Purchase of Manhattan

2011

Composer:
Brent Michael Davids

Librettist:

Performance forces:
sop, ten, bar, American Indian singers — chamber orchestra, American Indian flute — SATB chorus

Length:
0:56

Languages:

Notes:
The new concert opera PURCHASE OF MANHATTAN sings-to-life the drama of New York’s hidden beginning. Was the island’s price tag really $24 worth of beads? A production of the Lenape Center in Manhattan, the opera’s intuitive quality captivates Indian and non-Indian audiences alike with an intelligent and inspired look into the life of Manhattan’s first inhabitants, the Lenape. PURCHASE OF MANHATTAN mingles together a perfect blend of operatic and American Indian singing styles about the famous beginnings of “New Netherland,” later becoming “New Amsterdam” and finally “New York.” By keenly re-staging New York’s founding from a Lenape perspective, the opera blazes uncharted territory with shrewdness and eloquence.
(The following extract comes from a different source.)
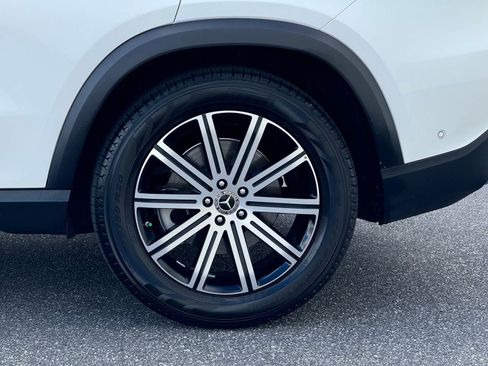 Used 2024 Mercedes-Benz GLE 450 4MATIC image 2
PURCHASE OF MANHATTAN is exquisitely scored for three solo voices, chorus, American Indian singers, orchestra and Native American flute, by preeminent Mohican composer, Brent Michael Davids, in collaboration with celebrated Abenaki author, Joseph Bruchac, for the libretto. The music interlaces American Indian and Western European styles in a hybrid mix that is exuberant and dazzling; it’s an amalgamated compositional style that classical music critic Bill Parker describes as “never glib or facile, but rich in resonance.” As a Mohican from a tribe once residing in lower Manhattan, Brooklyn and the Bronx, the composer’s lyrical conjuring of early Lenape life is unique and bold. Similar to his creations for Chanticleer and Kronos Quartet, we straightaway grasp the opera’s primal earthiness amid the sparkling orchestration, making our ears dance with delight. PURCHASE OF MANHATTAN was commissioned by the Lenape Center in Manhattan.